The Ghost proceeded to show Scruch the four weddings of his former fiancee with increasingly older and richer men. Mary had many kids, lived in many beautiful homes and travelled around the world. She seemed outwardly happy, but was in reality constantly worried and nervous. She constantly worried about money and about the people in her life. Mary smoked a pack of cigarettes a day and her skin had become hard and wrinkled. Scruch led a mindboggingly dull life, but at least he looked like he was still about 30 years old. His emotional barometer pointed to “content”, from the moment he woke up in the morning till he went back to bed. Nothing could disturb his peace.

The light on the head of the Ghost of Xmas Past slowly died and Scruch found himself back in his bedroom. Before leaving the Ghost told Ibanizar that he will be visited by two more ghosts. The next ghost took the shape of a giant. He was called the Ghost of Xmas Present.

The giant gave Scruch a tour round the city, showing him all the have and have nots united in their desire to spend, spend, spend. They see a vision of an elderly couple, who borrowed a lot of money during their life. The Andersons spent a large portion of that capital already and the rest was invested in stocks of a large bank. Unfortunately, the bank declared bankruptcy, resulting in an enormous debt. The Ghost of Xmas Present and Scruch also met a guy who slept on a park bench. Ed used to have a good job, but because of his love of alcohol and gambling, he was forced to borrow a lot. At a certain point he had more than a dozen of credit cards. Eventually Ed lost it all and had to sleep on the streets.

The Ghost finally introduces Ibanizar to the Interweb and a blog article about investing. The miser finds the article so interesting that he makes the following virtual Numpy 9 portfolio.
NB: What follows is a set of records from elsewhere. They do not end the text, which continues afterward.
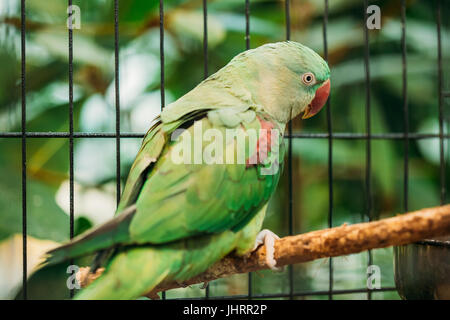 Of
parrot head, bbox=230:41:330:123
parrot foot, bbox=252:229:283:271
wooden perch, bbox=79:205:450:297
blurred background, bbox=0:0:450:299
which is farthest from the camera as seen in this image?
blurred background, bbox=0:0:450:299

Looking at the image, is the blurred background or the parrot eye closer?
the parrot eye

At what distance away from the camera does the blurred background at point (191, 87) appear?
189 centimetres

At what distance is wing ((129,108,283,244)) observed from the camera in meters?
0.76

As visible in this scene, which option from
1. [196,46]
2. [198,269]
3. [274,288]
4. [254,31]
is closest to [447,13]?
[254,31]

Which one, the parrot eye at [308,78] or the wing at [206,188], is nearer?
the wing at [206,188]

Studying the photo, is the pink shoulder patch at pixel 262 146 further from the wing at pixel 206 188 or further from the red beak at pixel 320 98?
the red beak at pixel 320 98

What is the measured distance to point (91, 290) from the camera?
0.71m

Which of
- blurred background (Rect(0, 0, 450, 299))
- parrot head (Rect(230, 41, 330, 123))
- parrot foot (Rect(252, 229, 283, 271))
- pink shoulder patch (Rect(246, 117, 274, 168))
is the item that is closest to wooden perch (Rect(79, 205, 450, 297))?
parrot foot (Rect(252, 229, 283, 271))

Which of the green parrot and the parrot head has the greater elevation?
the parrot head

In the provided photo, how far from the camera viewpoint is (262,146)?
88 centimetres

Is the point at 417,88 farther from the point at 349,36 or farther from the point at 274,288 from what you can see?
the point at 274,288

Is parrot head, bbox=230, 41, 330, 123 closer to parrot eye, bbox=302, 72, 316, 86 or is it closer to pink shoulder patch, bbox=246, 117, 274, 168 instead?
parrot eye, bbox=302, 72, 316, 86

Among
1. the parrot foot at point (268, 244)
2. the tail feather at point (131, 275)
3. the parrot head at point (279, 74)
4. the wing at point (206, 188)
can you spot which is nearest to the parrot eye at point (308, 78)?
the parrot head at point (279, 74)

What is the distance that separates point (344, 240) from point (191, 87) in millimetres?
1590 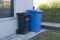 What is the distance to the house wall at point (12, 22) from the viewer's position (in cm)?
763

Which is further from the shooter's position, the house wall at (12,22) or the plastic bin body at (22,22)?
the plastic bin body at (22,22)

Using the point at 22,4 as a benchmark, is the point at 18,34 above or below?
below

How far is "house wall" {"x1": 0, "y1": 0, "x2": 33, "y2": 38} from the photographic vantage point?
7.63m

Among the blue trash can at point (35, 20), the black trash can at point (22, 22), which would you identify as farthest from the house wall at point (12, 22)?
the blue trash can at point (35, 20)

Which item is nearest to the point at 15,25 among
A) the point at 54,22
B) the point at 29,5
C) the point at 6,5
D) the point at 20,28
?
the point at 20,28

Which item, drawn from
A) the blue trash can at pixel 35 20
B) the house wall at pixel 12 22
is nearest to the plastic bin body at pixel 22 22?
the house wall at pixel 12 22

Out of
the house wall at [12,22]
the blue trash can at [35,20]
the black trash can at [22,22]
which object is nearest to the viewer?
the house wall at [12,22]

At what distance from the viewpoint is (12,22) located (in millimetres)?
8328

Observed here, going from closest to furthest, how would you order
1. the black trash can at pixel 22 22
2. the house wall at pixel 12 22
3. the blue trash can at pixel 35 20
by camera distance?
1. the house wall at pixel 12 22
2. the black trash can at pixel 22 22
3. the blue trash can at pixel 35 20

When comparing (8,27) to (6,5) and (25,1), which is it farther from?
(25,1)

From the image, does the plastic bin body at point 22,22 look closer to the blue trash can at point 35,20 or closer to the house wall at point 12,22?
the house wall at point 12,22

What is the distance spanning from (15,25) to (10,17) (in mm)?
533

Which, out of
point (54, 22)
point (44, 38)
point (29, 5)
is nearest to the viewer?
point (44, 38)

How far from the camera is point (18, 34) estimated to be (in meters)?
8.59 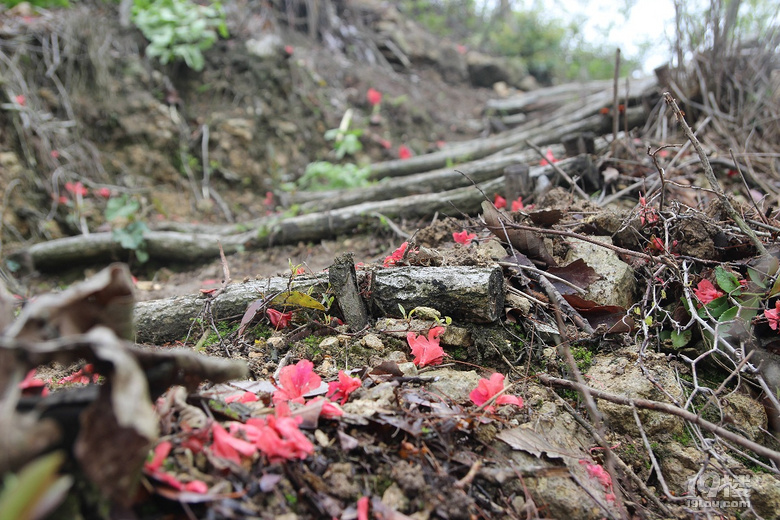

On the stroke of midnight the spirit disappeared and left Scruch to face the Ghost of Xmas Yet to Come. The last Ghost was completely covered by a black robe and appeared to hover. He didn’t speak but only pointed with his bony hand. The Ghost takes him to a stockholder meeting in a futuristic setting. Ibanizar had never seen the kind of clothes people are wearing. Nor was he familiar with the tech that surrounded him. Apparently Scruch’s company went public after adopting some new trading idea and business was good. So good in fact that Ibanizar has 300 banks as customer. Although that’s not much of an achievement since many banks are nationalised, reduced in size or both. Next, Scruch is shown his private island, mansion, jet and yacht. He also has a small submarine, but that is more for showing off, for he hates submarines.

Scruch wakes up very happy and spends the rest of Xmas and the beginning of the next year preparing to execute his new investment plan.


Random links of general interest

If you liked this post and are interested in NumPy check out NumPy Beginner’s Guide by yours truly.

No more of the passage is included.